Captioned web image data
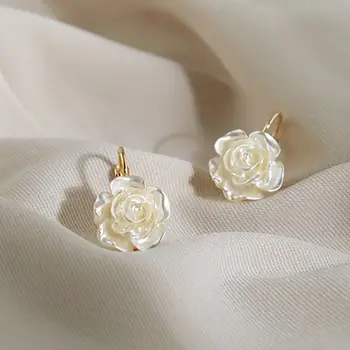 2023 Новые Корейские серьги-кольца с белым цветком для женщин и девочек, вечерние украшения EH1224
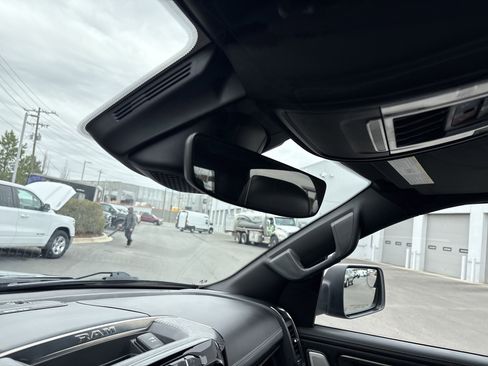 Used 2019 RAM 1500 Limited image 27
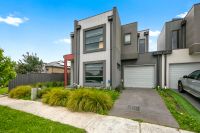 2A Easter Way, Cranbourne East VIC
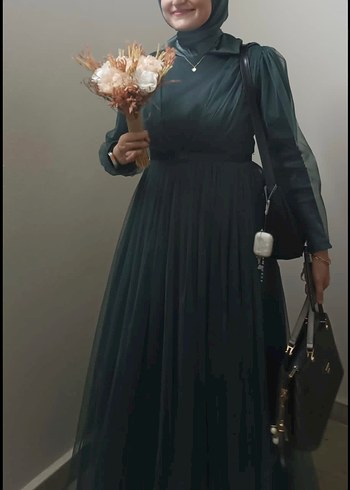 Uzun Kollu Yeşil Kadın abiye - Görsel 2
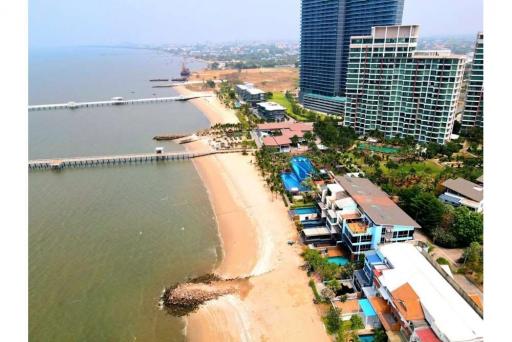 31,692 Sqm. Land listed for ฿ 800,000,000.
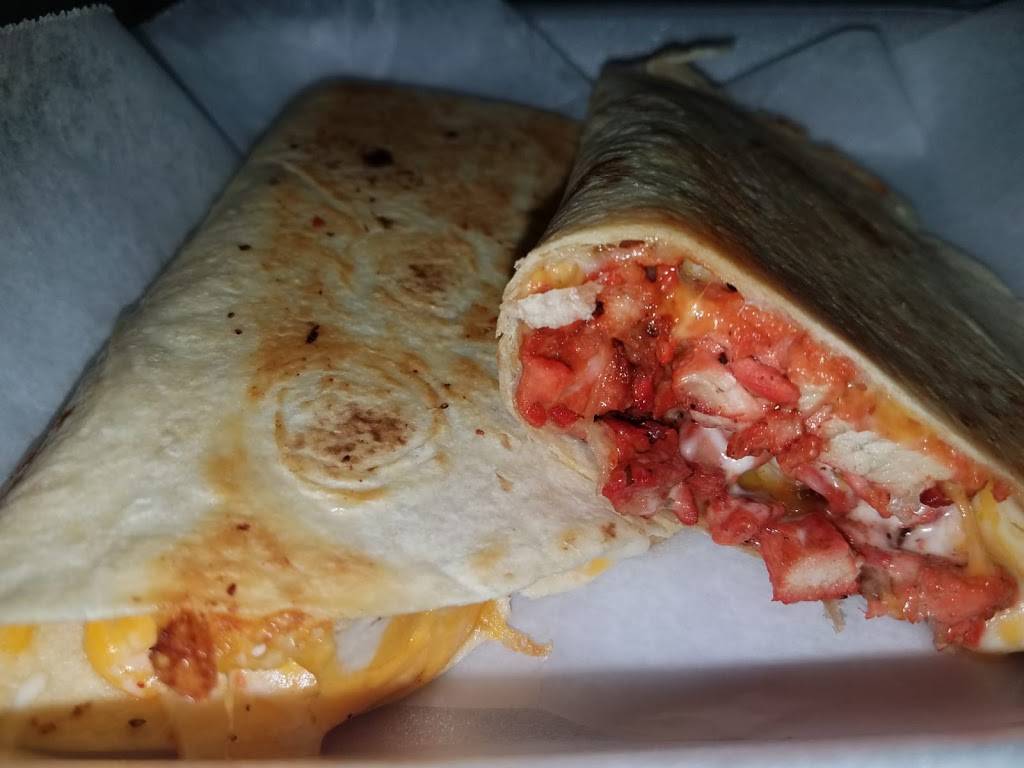 Crunchy Fried Chicken and Pizza | restaurant | 30 Fort Pleasant Ave, Springfield, MA 01108, USA | 4137333330 OR +1 413-733-3330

• _What to do_:
Write out nothing but the lines from the one with "Uzun Kollu Yeşil Kadın abiye - Görsel 2" through the last line of the entries, exactly as they stand; pictures are not part of the copy.

• _Task answer_:
 Uzun Kollu Yeşil Kadın abiye - Görsel 2
 31,692 Sqm. Land listed for ฿ 800,000,000.
 Crunchy Fried Chicken and Pizza | restaurant | 30 Fort Pleasant Ave, Springfield, MA 01108, USA | 4137333330 OR +1 413-733-3330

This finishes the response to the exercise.